Early Accepted · MICCAI 2026 Top 9%

EchoPilot: Training-Free Ultrasound Video Segmentation via Scale-Space Semantic Prompting and Reliability-Gated Memory

Ruiqiang Xiao1, Zhaohu Xing1, Yijun Yang1, Zhenyan Han2, Weiming Wang3, Kaishun Wu1, Lei Zhu1,*

1The Hong Kong University of Science and Technology (Guangzhou)  ·  2Third Affiliated Hospital of Sun Yat-Sen University  ·  3Hong Kong Metropolitan University

* Corresponding author: Lei Zhu (leizhu@hkust-gz.edu.cn).

EchoPilot task setting and concept

EchoPilot targets category-anchored sparse-interactive ultrasound VOS: the user provides one positive point and an anatomical category name on the first frame; all foundation models remain frozen.

TL;DR — EchoPilot turns one click and one category name into stable ultrasound video masks, without training, task-specific fine-tuning, or dense first-frame annotations.

01 · Abstract

Abstract

Ultrasound video segmentation is clinically valuable yet difficult due to speckle noise, weak boundaries, and rapid anatomical deformation. Recent promptable foundation models enable point-guided segmentation, but direct deployment in ultrasound remains unreliable: a single point provides insufficient spatial context to resolve scale ambiguity, and greedy memory updates amplify early errors into severe temporal drift.

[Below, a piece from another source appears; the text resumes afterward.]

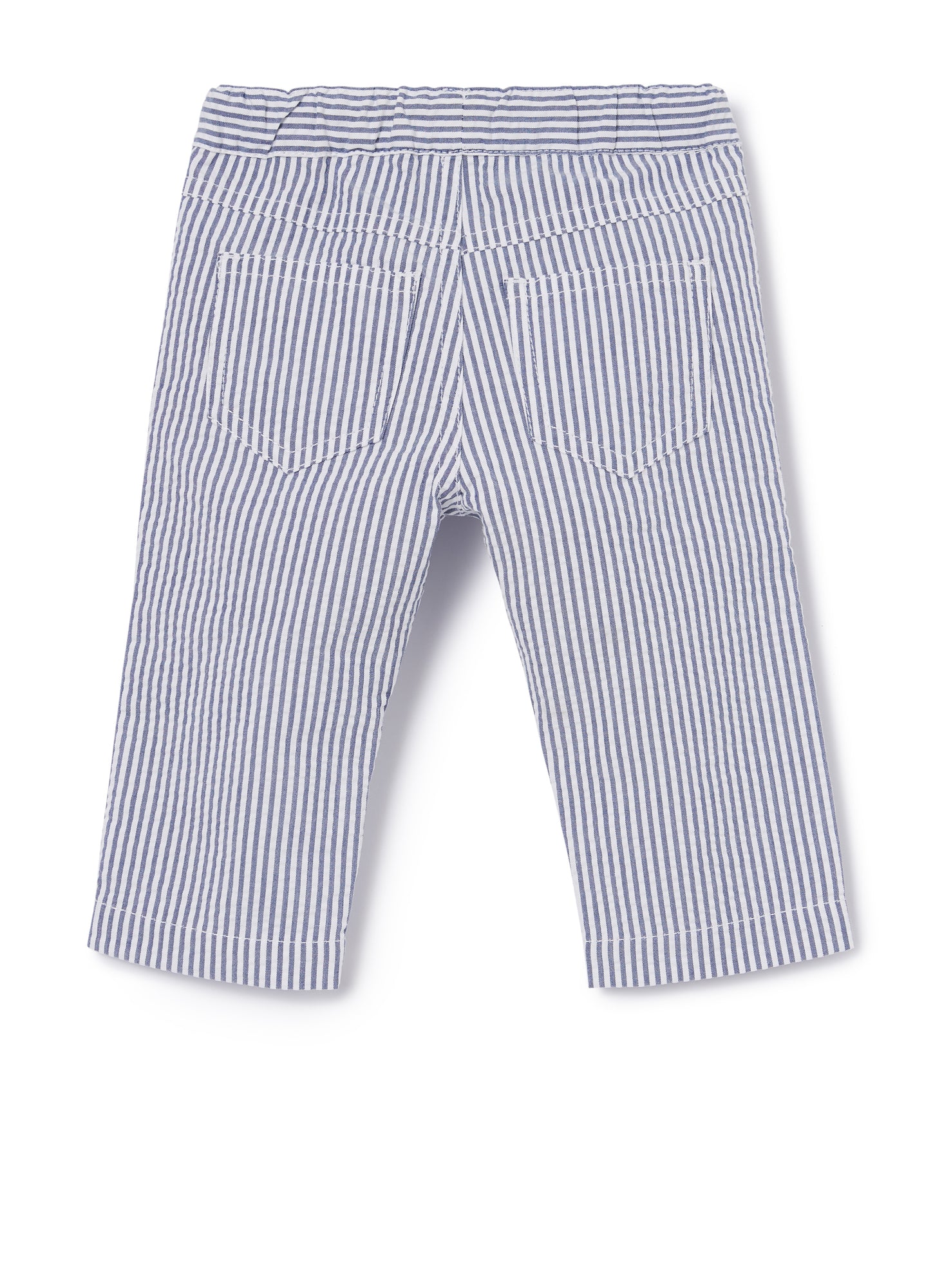 Striped Trousers | Blue Denim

We present EchoPilot, a training-free framework for ultrasound video segmentation under sparse first-frame interaction, requiring only a single point click and an anatomical category name. EchoPilot mimics clinical global-to-local reasoning by orchestrating frozen medical vision-language, vision foundation, and video segmentation priors. It resolves initialization ambiguity with Scale-Space Semantic Prompting and a parameter-free S.E.E.D. criterion, then suppresses temporal drift with Reliability-Gated Memory. We also contribute a dynamic fetal placenta ultrasound VOS dataset with 671 annotated frames.

02 · Method

Method Overview

Overview of EchoPilot

Stage I selects a semantic context scale with BioMedCLIP and S.E.E.D., then uses DINOv3 features to synthesize auxiliary point prompts. Stage II uses a reliability gate to decide whether each predicted frame should be written into the SAM2 or MedSAM2 memory bank.

Training-Free

All priors are frozen at inference time.

Sparse Interaction

Only one first-frame point and a category name are required.

Scale-Aware Initialization

S.E.E.D. chooses the view where the target is recognizable.

Drift-Resistant Tracking

Unreliable frames are prevented from contaminating memory.

03 · Main Results

Main Results

EchoPilot is evaluated on CAMUS, Breast Lesion, and fetal Placenta ultrasound videos. It consistently improves Dice and ASD under both SAM2 and MedSAM2 pretrained weights, and outperforms the finetuned MedSAM3 baseline despite using no task-specific training.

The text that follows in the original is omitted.